Because Flux uses the OCI registry rather than the Git registry, there are no
automated deployments after changes in the Git repository. In that case either
switch to GitRepository as a source for Flux or call `terraform apply` after
each change in a `/flux` directory.

## TODO

- It is better to switch to GitRepository as a source for Flux. For this demo,
it is "push" method rather than "pull" to avoid additional tasks with
connecting the cluster to GitHub.
- The cluster should be moved to private subnetwork (raises the monthly cost by
~$400 for a NAT gateway and service endpoints).
- Nodes should use Bottlerocket OS rather than standard Amazon Linux.
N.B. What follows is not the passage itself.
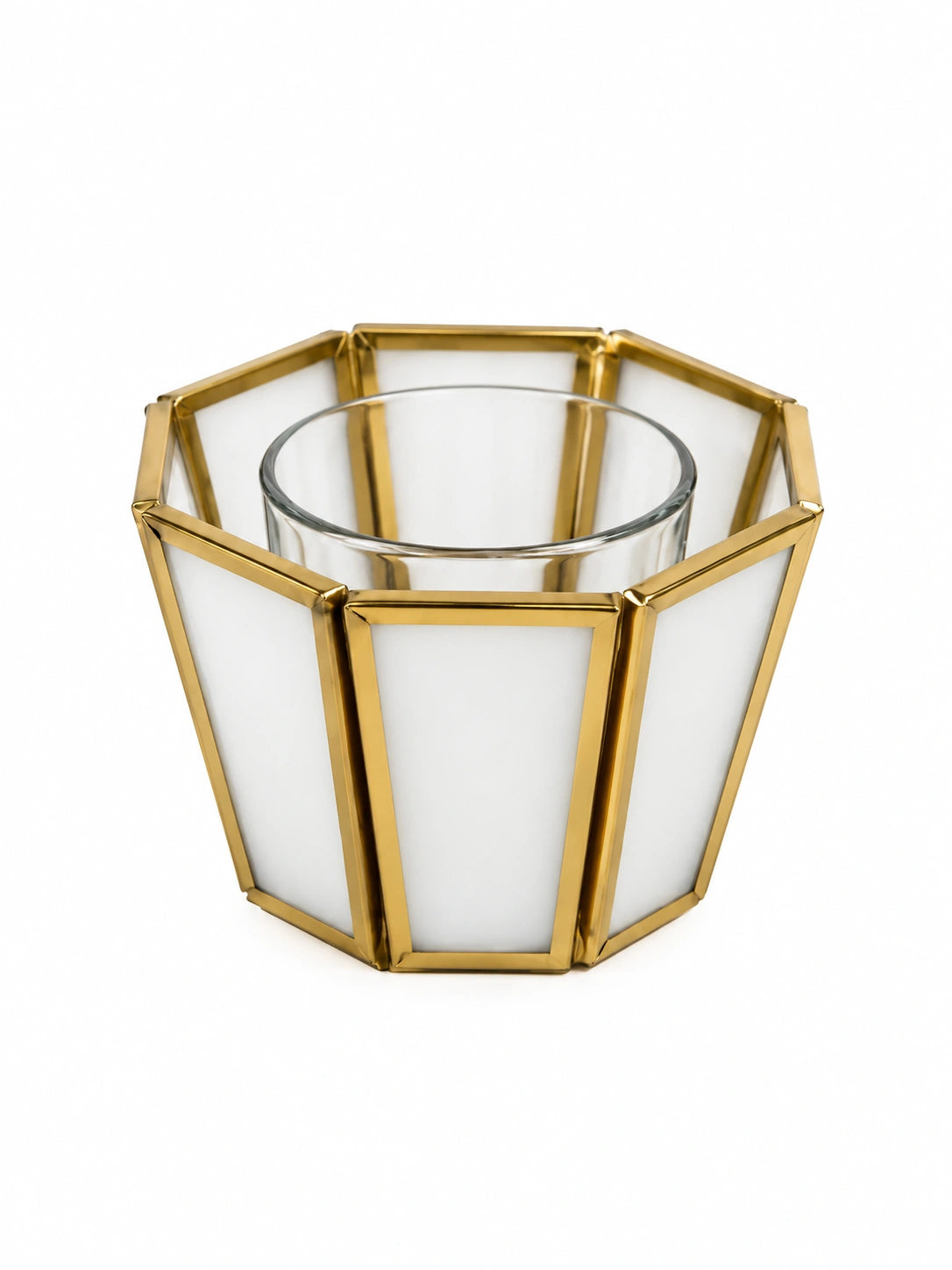 White Natural Glass Tealight Candle Holder – ILLUMEA elegant geometric candle holder featuring gold-finished brass strips and frosted glass panels, ideal for dining tables and modern interiors
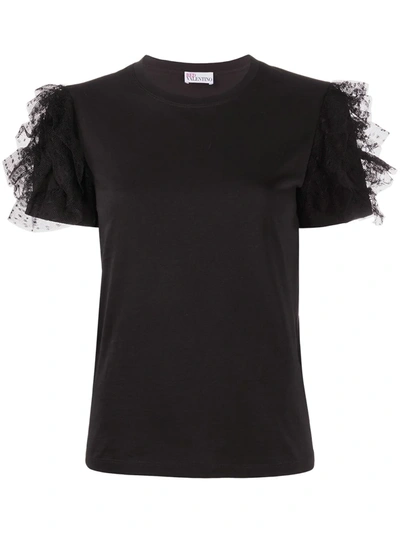 Red Valentino Tulle Point D'esprit Sleeved T-shirt In Black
- It should be avoided docker.io as a OCI registry. `k8s-image-swapper` service
might help to automatize the cloning of images to private ECR.
- Additional controllers are needed if PersistentVolumes will be used then
another StorageClass might be used in place of the default.
- AWS Node Termination Handler should be installed for safer handling of spot
instances.
- There is no `metrics-server` so HorizontalPodAutoscaler doesn't work yet.
- The cluster misses Prometheus. External AWS Prometheus instance might be used
for longer-term storage.
- It might be considered using Istio or Cilium for better observability.
- It is a good idea to use Velero backup if some persistent volumes will exist.